Without pictures, return the lines from the one containing "this 300×400 image." through the last line of the data below, exactly.

****************

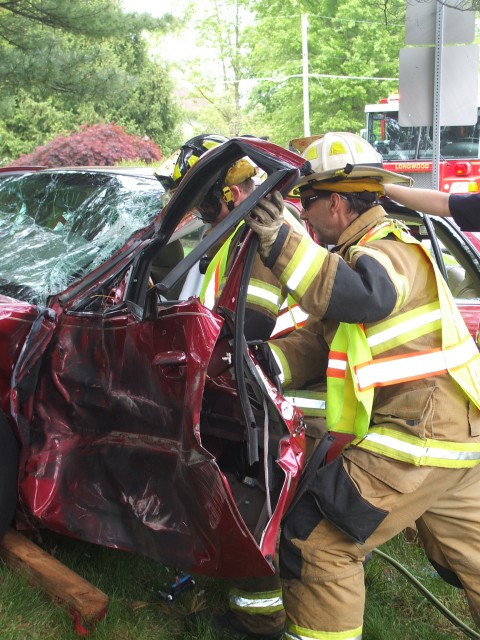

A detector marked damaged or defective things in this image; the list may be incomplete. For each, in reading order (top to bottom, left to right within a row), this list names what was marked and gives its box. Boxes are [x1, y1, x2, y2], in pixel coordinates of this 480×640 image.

shattered windshield [0, 170, 166, 304]
wrecked red car [0, 140, 306, 580]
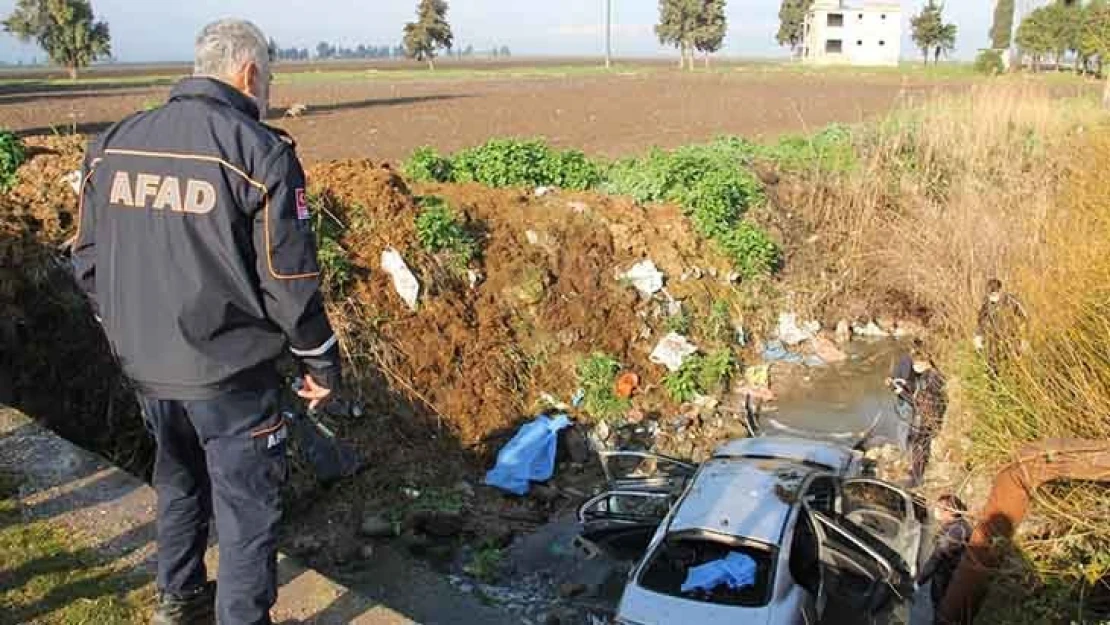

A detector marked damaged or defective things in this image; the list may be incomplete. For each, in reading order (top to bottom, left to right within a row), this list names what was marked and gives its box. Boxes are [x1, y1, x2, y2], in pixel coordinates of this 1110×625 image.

shattered windshield [639, 530, 777, 608]
overturned car [577, 437, 923, 621]
rusty metal pipe [941, 439, 1110, 625]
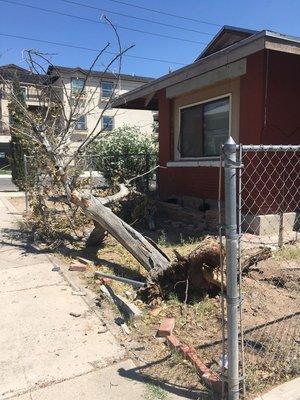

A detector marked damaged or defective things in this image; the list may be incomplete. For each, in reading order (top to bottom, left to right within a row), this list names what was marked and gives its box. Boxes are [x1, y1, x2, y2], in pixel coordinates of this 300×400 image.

cracked concrete sidewalk [0, 197, 185, 400]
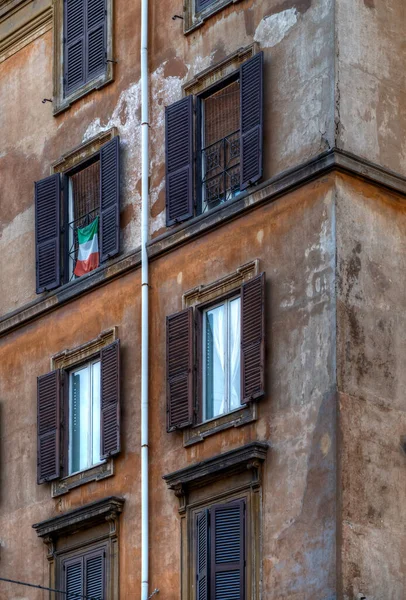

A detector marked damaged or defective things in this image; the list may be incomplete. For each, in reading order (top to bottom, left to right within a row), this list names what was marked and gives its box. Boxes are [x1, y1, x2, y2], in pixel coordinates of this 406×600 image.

peeling plaster wall [0, 0, 336, 316]
peeling plaster wall [336, 0, 406, 177]
peeling plaster wall [336, 175, 406, 600]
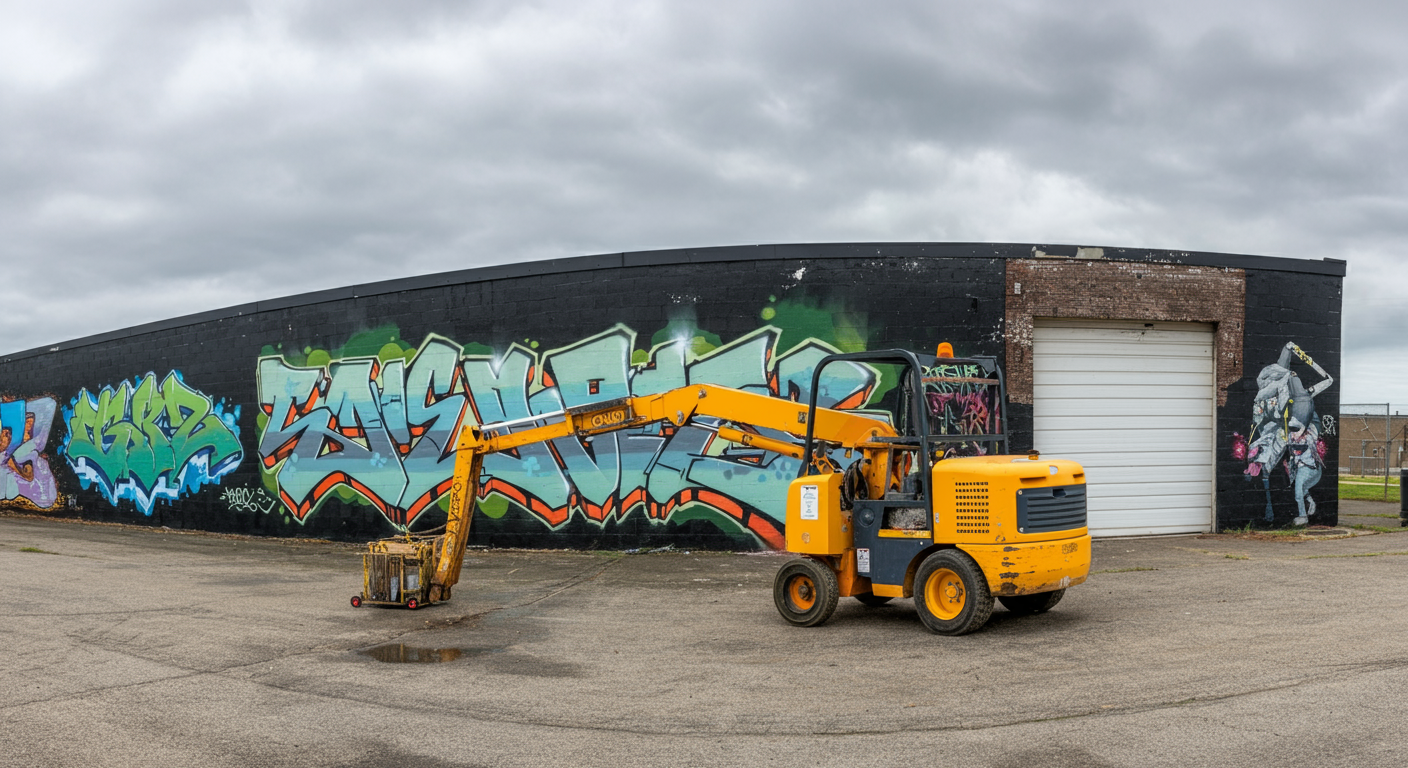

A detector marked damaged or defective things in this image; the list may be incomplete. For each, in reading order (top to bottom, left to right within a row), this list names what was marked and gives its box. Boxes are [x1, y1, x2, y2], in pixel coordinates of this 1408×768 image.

cracked asphalt [2, 498, 1408, 760]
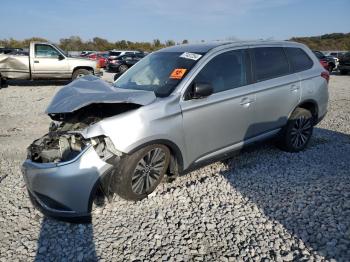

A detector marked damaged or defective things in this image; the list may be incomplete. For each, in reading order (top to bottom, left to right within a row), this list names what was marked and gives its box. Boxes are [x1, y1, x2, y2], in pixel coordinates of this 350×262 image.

crumpled hood [45, 74, 157, 113]
damaged front bumper [21, 143, 113, 219]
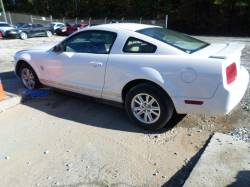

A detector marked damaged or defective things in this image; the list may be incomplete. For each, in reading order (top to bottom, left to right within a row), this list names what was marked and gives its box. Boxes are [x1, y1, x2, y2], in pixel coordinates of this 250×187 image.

broken concrete slab [0, 92, 21, 112]
broken concrete slab [184, 133, 250, 187]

****************

== RESULT FOR THIS TASK ==
A detector marked damaged or defective things in this image; the list may be incomplete. For each, in reading order (top to bottom, left to right within a row), this list names what was marked and gives its box. Boxes are [x1, y1, x2, y2], in pixel coordinates of this 300×400 image.

cracked concrete sidewalk [0, 197, 185, 400]

A detector marked damaged or defective things in this image; the list may be incomplete. For each, in reading order (top to bottom, left to right within a row), this list names what was marked and gives its box. Boxes are [x1, y1, x2, y2], in pixel coordinates of this 406×600 image.

peeling plaster wall [0, 0, 336, 316]
peeling plaster wall [336, 0, 406, 177]
peeling plaster wall [336, 175, 406, 600]

A detector marked damaged or defective things in this image; the list may be incomplete. For each, in reading order (top to bottom, left to right within a row), this list names what was marked and gives its box. Boxes are [x1, y1, x2, y2], in pixel coordinates of this 1408×768 image.

cracked asphalt [2, 498, 1408, 760]

A detector marked damaged or defective things in this image; the list may be incomplete. For each, in reading order (top to bottom, left to right within a row), this list names what was marked and gives its box. Boxes are [x1, y1, x2, y2], in pixel coordinates of this 350×262 image.

crumpled hood [45, 74, 157, 113]
damaged front bumper [21, 143, 113, 219]

A detector marked damaged or defective things in this image; the list may be incomplete. For each, in reading order (top to bottom, left to right within a row), this list names what was marked and gives its box. Boxes are [x1, y1, x2, y2], in pixel coordinates of this 250×187 image.

broken concrete slab [0, 92, 21, 112]
broken concrete slab [184, 133, 250, 187]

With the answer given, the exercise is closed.